WORK TO BE COMPLETED – Would you copy the entries that follow exactly, leaving out every picture?

RECORDS –
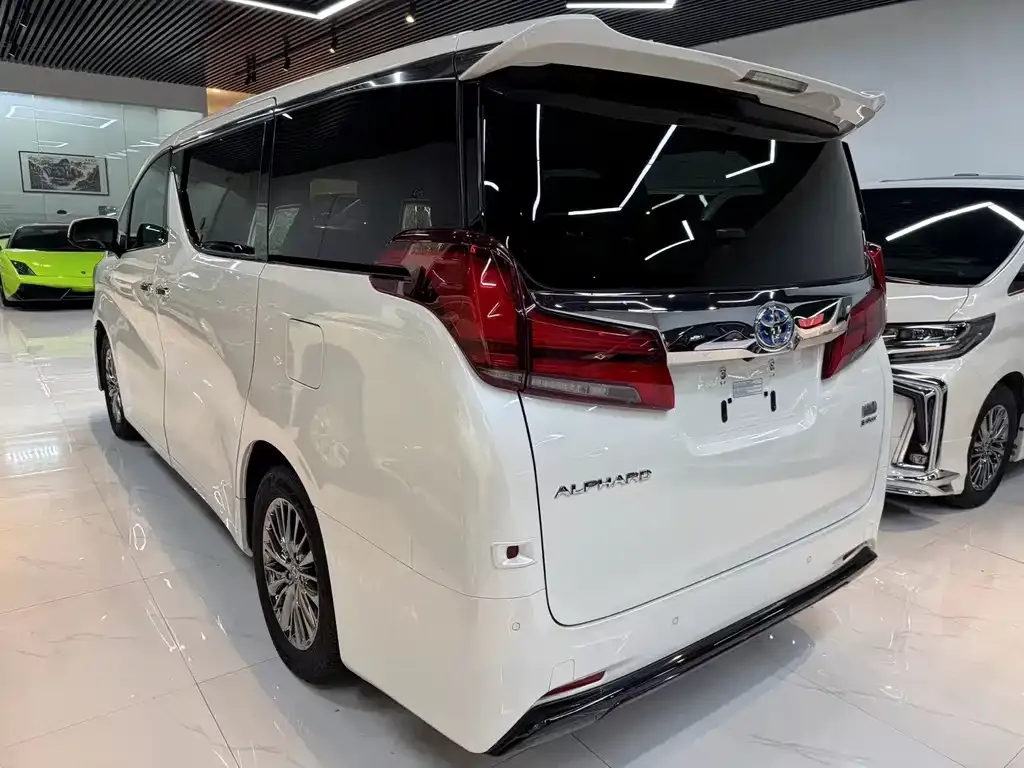Toyota Alphard 2021 из CN, фото 9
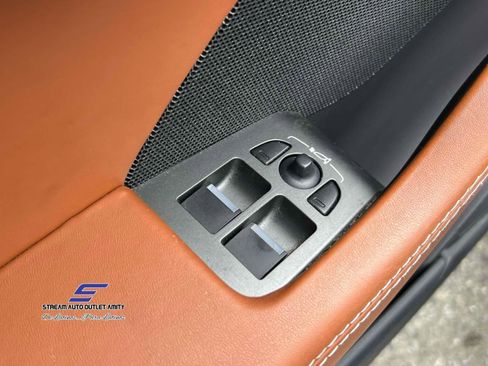 Used 2019 Jaguar F-TYPE R-Dynamic image 16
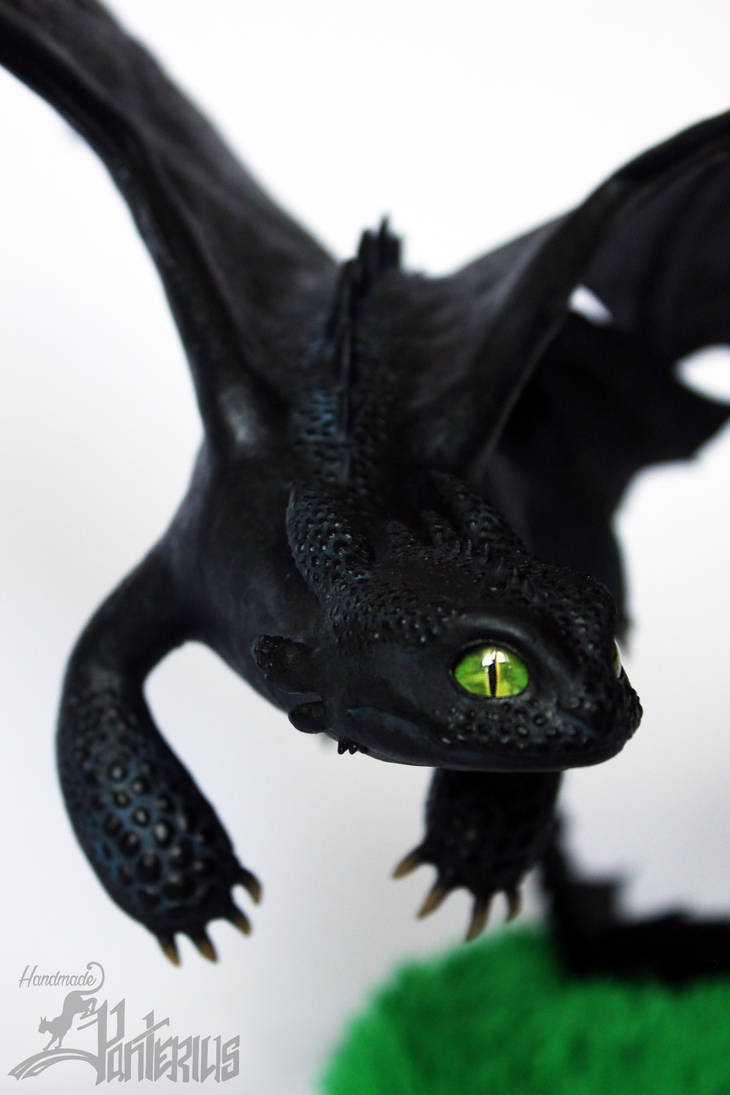 Night Fury Toothless from How to train your dragon by Panterius on ...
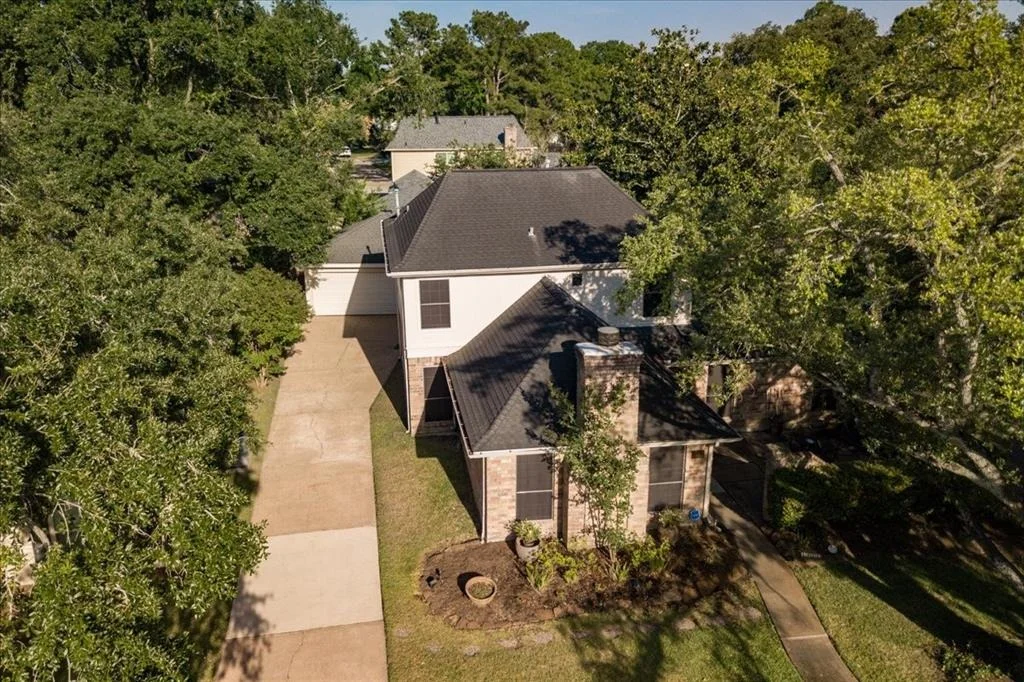Photo of 1015 Oxborough Drive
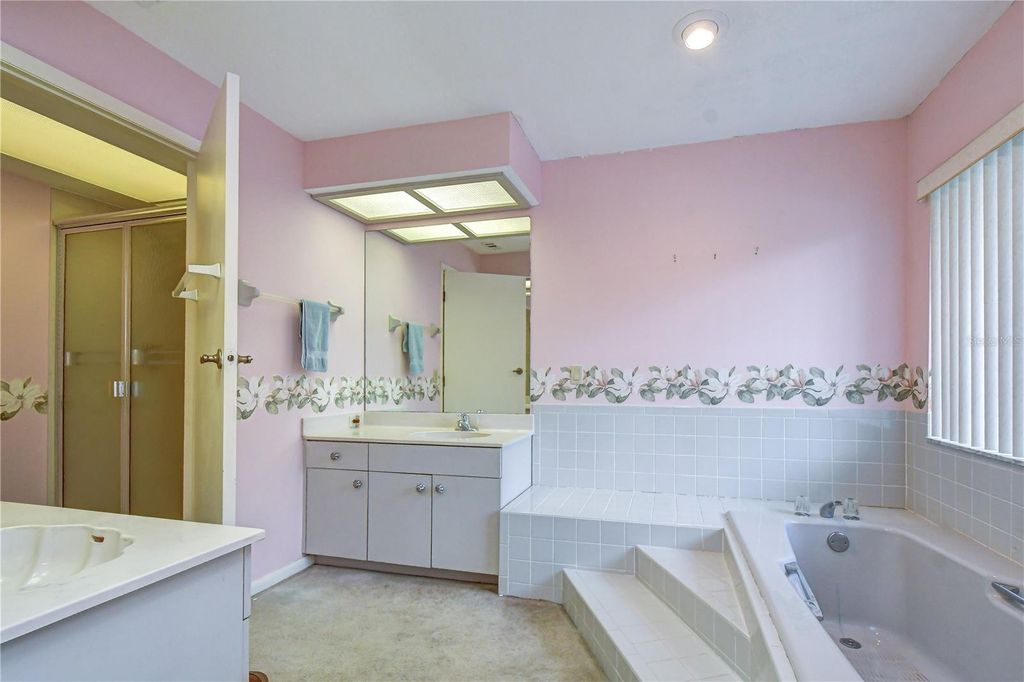 Image 28 of property listing at 914 S MILLER ROAD, Valrico, FL 33594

ANSWER SECTION –
Toyota Alphard 2021 из CN, фото 9
 Used 2019 Jaguar F-TYPE R-Dynamic image 16
 Night Fury Toothless from How to train your dragon by Panterius on ...
Photo of 1015 Oxborough Drive
 Image 28 of property listing at 914 S MILLER ROAD, Valrico, FL 33594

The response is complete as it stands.